The Sound and the Fury: the portrait of a President

Paul Éluard said that it is in our heroes that the most beautiful dreams of tomorrow are to be found. If there is one people who can be recognised in this phrase, it is the United States. A country that has been built on its foundational milestones, or myths, such as the Mayflower or the War of Independence; but which, in the epic and poetics of its heroes, ancient and modern, and the reverential sense towards them, has extraordinarily cemented its union and its most beautiful dreams of tomorrow.
On 25 August 2018, with the death of John McCain, considered a hero of the Vietnam War, this feeling was shattered. The funeral of the Republican senator was attended by former presidents George Bush and Barack Obama, where both Republicans and Democrats paid their respects. Donald Trump, who considered John McCain to be his intimate enemy as the latter was openly critical of his administration, did not attend, breaking one of the rules on which the idiosyncrasies and collective imagination of the Americans rest: their heroes are sacred. Furthermore, the leader of the Republican Party did not consider him a hero because he had been captured during the war. This statement of his is perhaps the best portrait of the most powerful person in the world. For there is no better testimony of who Trump is than his own words and conduct.
This unprecedented performance reveals how far the American president has come and can go. Everything that seemed stable, unquestionable and an indelible sign of the greatness of the soul of the American people has been delegitimized by Trump; or at least he has tried to do so at the whim or to the advantage of his interests and moods. A kind of exterminating revisionism whose aim is to depredate the system and its institutions at his own convenience.
Hence its mandate has been characterised by the absence of moral rules and chaos, anything goes. But also, by the sound and the fury. He has not hesitated to add fuel to the fire in the racial conflicts of the last year if he thought it would help him mobilise his voters. And no doubt he will question whether he can deliver a possible Democratic victory, once again putting the system and the country in check before the abyss.
Because Trump's natural state is conflict and confrontation. That is where he wins, because that is his very nature: sound and fury. And he has used them to connect with the emotions of a part of the American people, primarily white and working class, who are angry and have felt abandoned by the system. He has understood this fact better than anyone, and has not hesitated to use it even though it has meant a moral breakdown and an unprecedented social division in the country.
It is ironic to think that many of these Americans consider this billionaire, tax-exempt president to be one of their own.
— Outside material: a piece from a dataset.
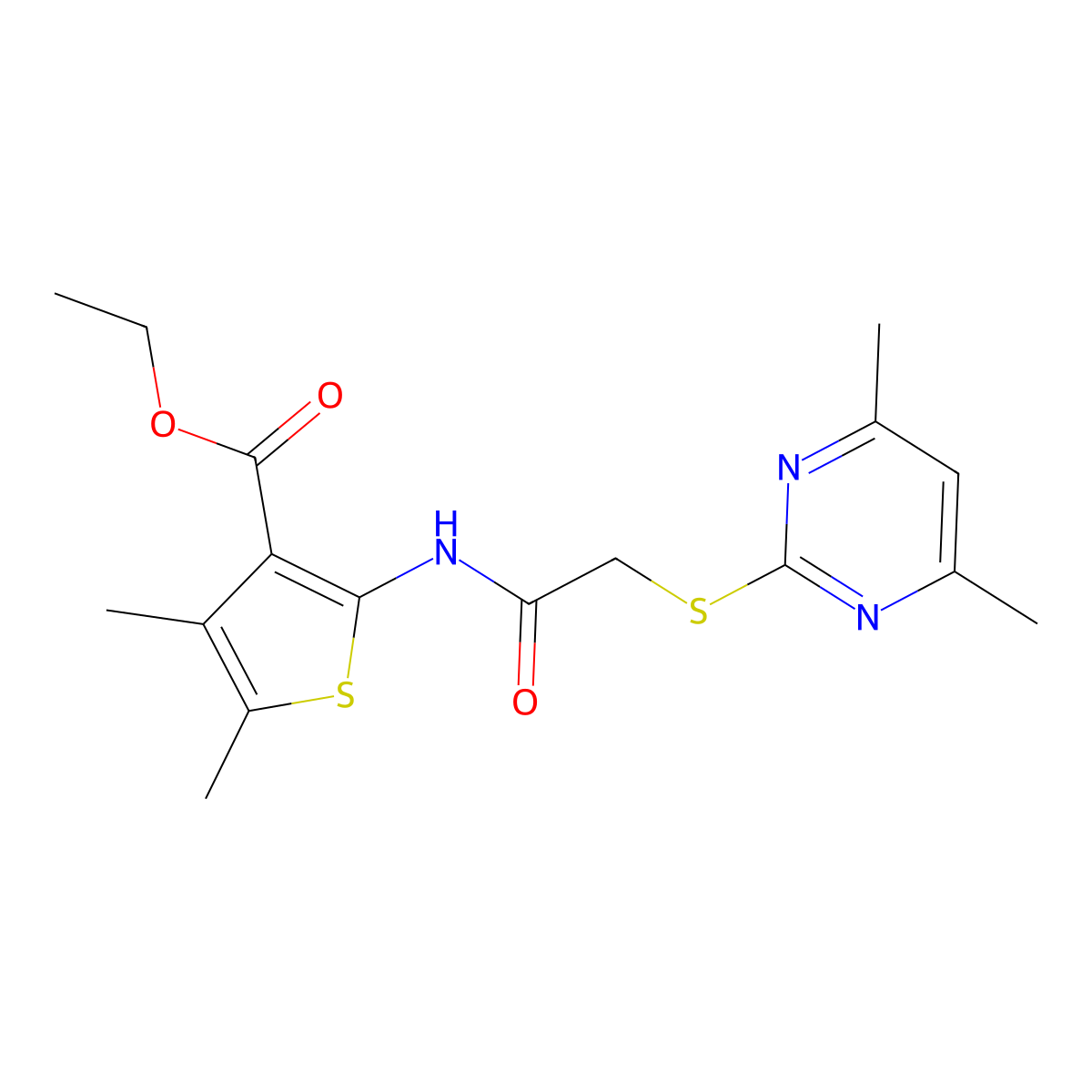 Ethyl 2-({[(4,6-dimethylpyrimidin-2-yl)sulfanyl]acetyl}amino)-4,5-dimethylthiophene-3-carboxylate molecular structure, CAS 333766-50-0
And that they also confuse this sound and fury with strength and firmness, when there is only impulsiveness and irrationality behind his actions, which translates into a nation's politics governed exclusively by the president's emotions and erratic behaviour.
If, as the forecasts finally suggest, Biden arrives at the White House, he will have to face extraordinary challenges for the future of mankind, such as the return to the Treaty of Paris to combat climate change, the defence of freedoms and liberal democracy and the reconstruction of foreign policy to renew the battered alliance with Europe, the latter being key to meeting these challenges.
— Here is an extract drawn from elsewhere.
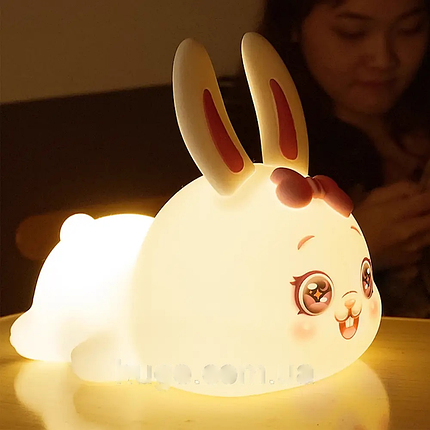 Силіконовий дитячий нічник Зайчик з акумулятором, фото 1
But perhaps Biden's greatest challenge will be to leave behind this stage of sound and fury, which has exhausted and disgusted a good part of the American public, and to rehabilitate all the intangible heritage that has made the American people great. The Democratic candidate, if the predictions are borne out, will have to heal the social divide and be the leader of all. A leadership that learns from the past and exercises self-criticism in order to understand what has gone wrong in the system, and in the two main political parties, so that an amoral 'outsider' has reached the presidency and has tried to destroy everything that constitutes the good of the American people's soul.
Paradoxically, Trump's mandate and person have represented the opposite of his slogan 'Great America Again': there is no honour, dignity and greatness in him, nor, of course, are there the most beautiful dreams of tomorrow.